_Instructions for the task_: Omit each picture as you copy the entries exactly.

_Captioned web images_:

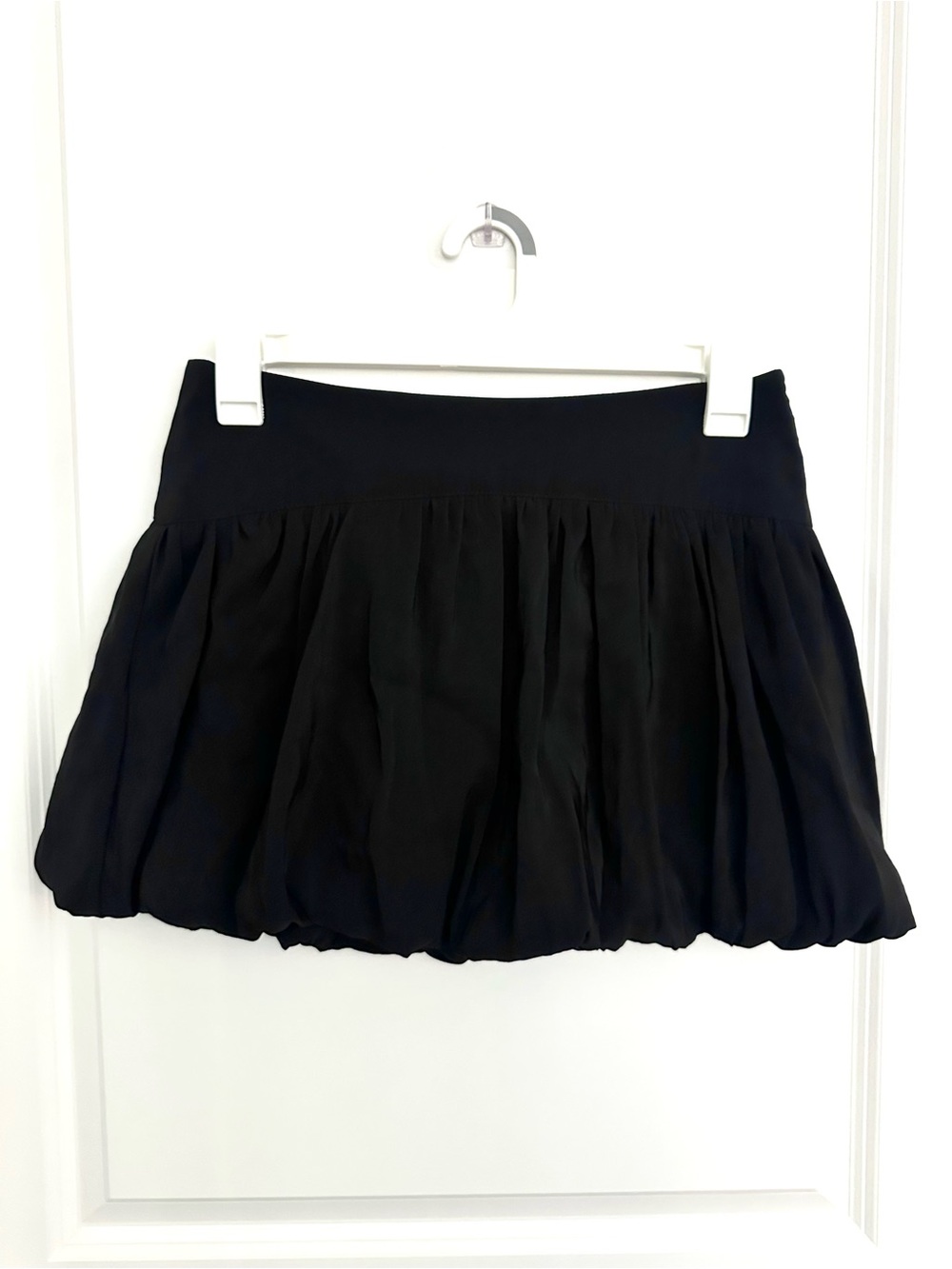 Zara Bubble Balloon Hem Mini Skirt Size Medium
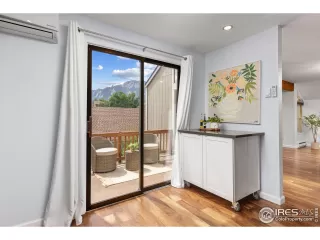 Photo #5: 1043498 Listing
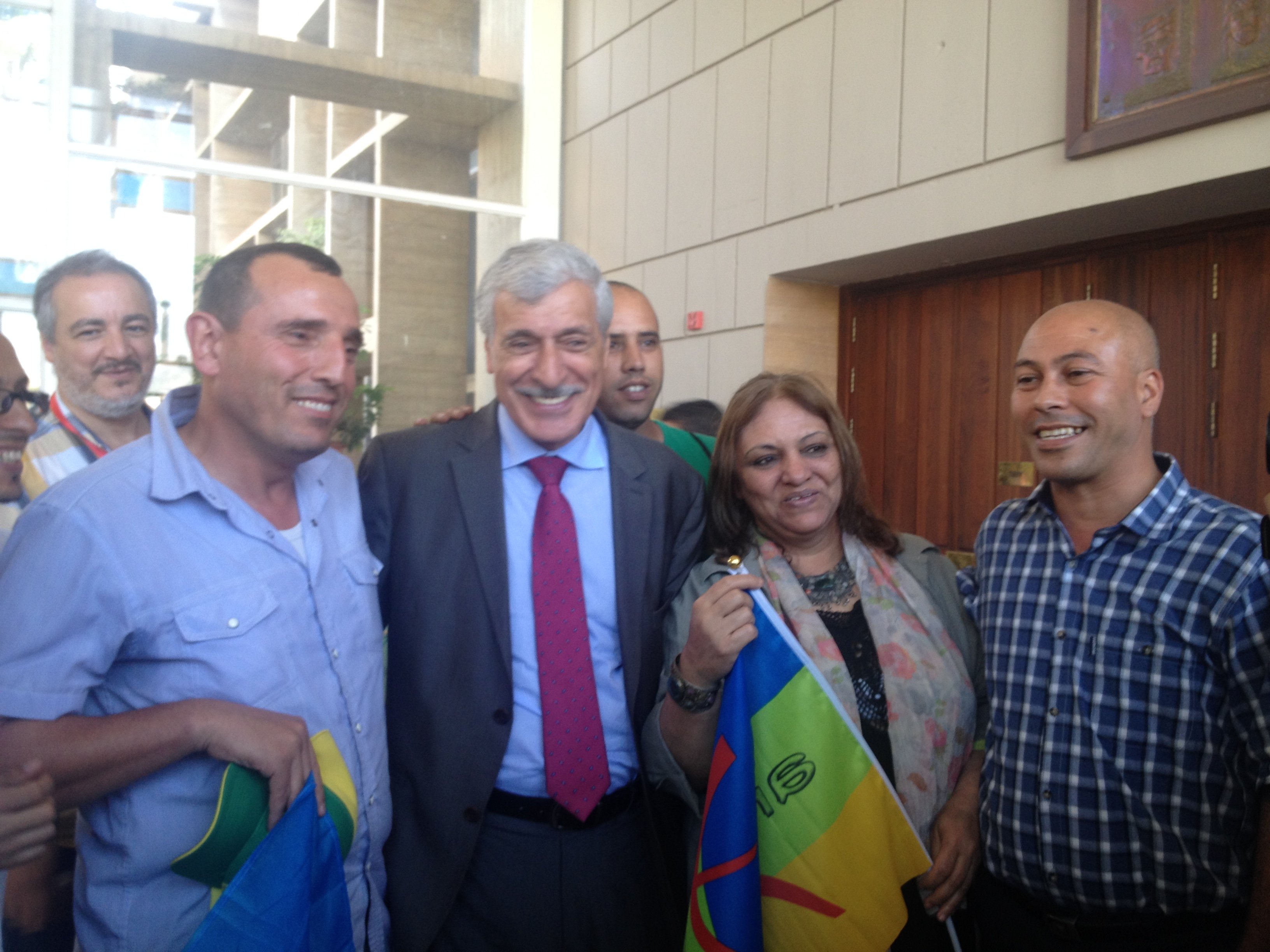 Ferhat Mehenni ovationné par les militants amazighs à la 7è session du Congrès mondial Amazigh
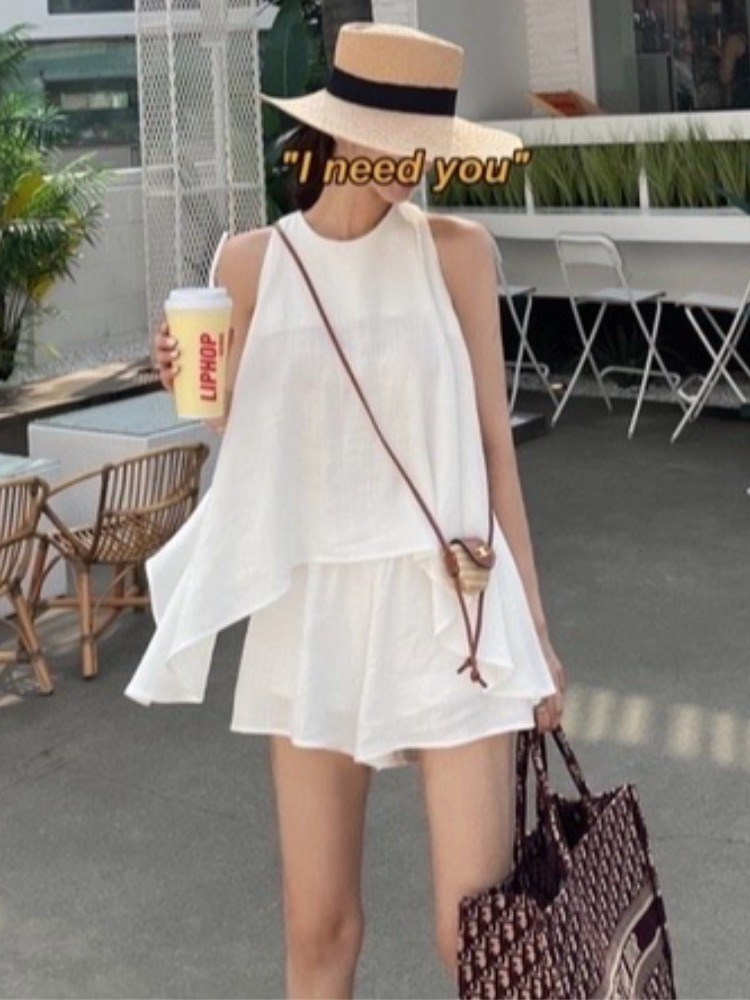 Street Fashion Now - Fashionable Sleeveless Wide Hem Vest Women's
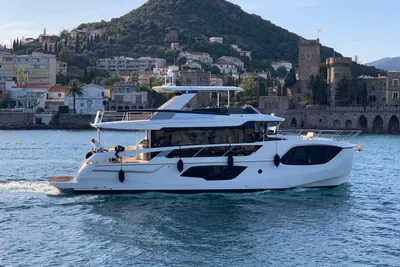 2022 Absolute Navetta 64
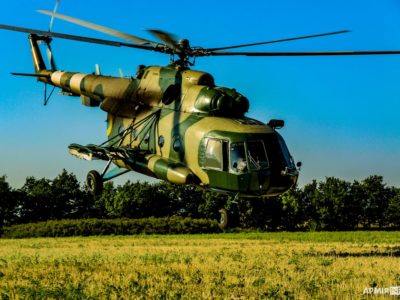 Десантники виконали стрибки з парашутом  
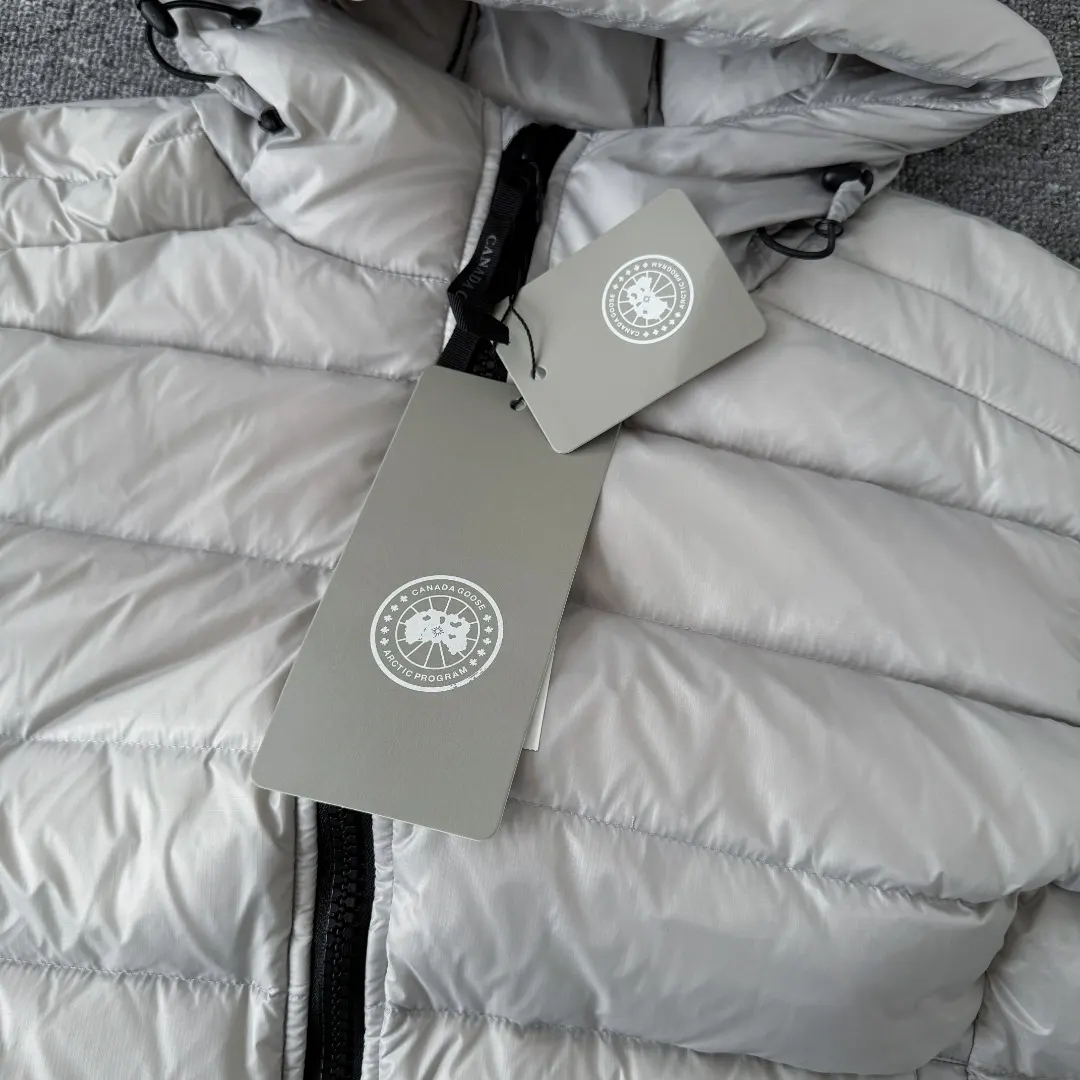 Lodge Lightweight Hooded Down Jacket D44024835 — view 4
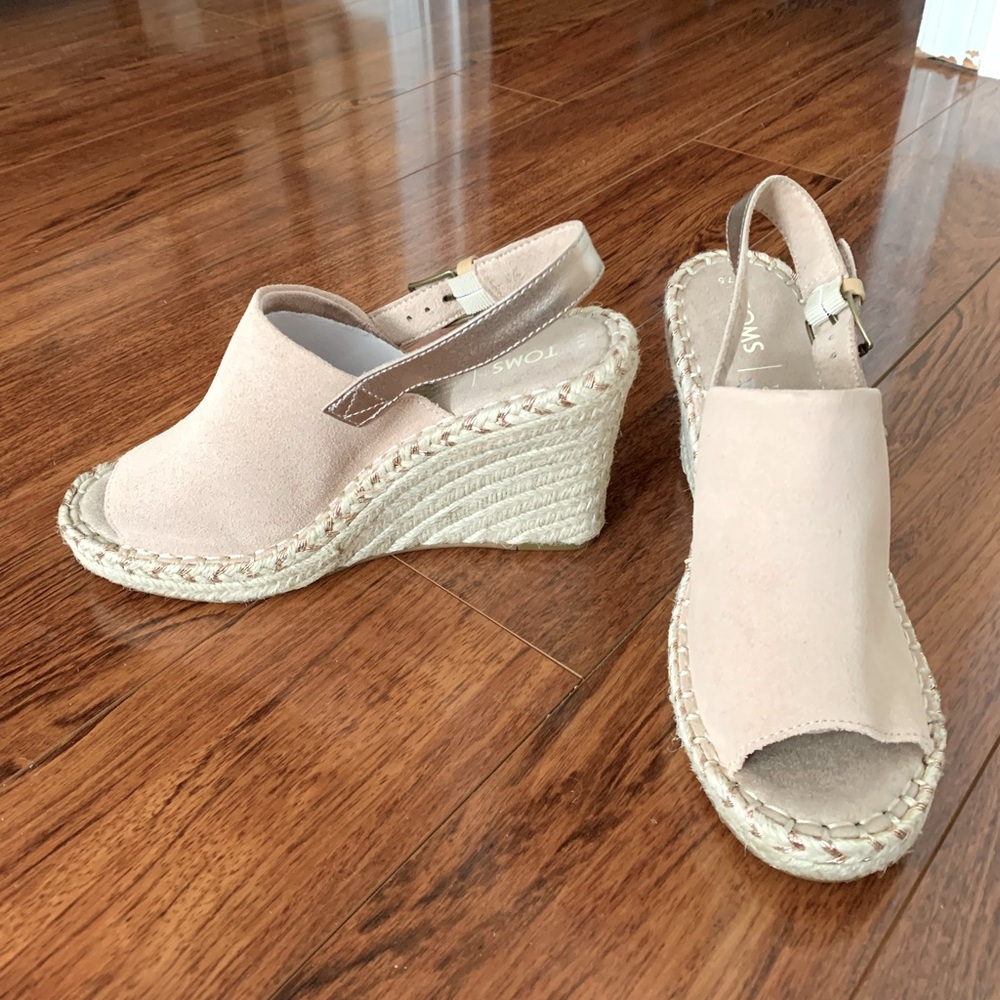 Tom’s Monica Wedges- Brand New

_Written solution_:
 Zara Bubble Balloon Hem Mini Skirt Size Medium
 Photo #5: 1043498 Listing
 Ferhat Mehenni ovationné par les militants amazighs à la 7è session du Congrès mondial Amazigh
 Street Fashion Now - Fashionable Sleeveless Wide Hem Vest Women's
 2022 Absolute Navetta 64
 Десантники виконали стрибки з парашутом  
 Lodge Lightweight Hooded Down Jacket D44024835 — view 4
 Tom’s Monica Wedges- Brand New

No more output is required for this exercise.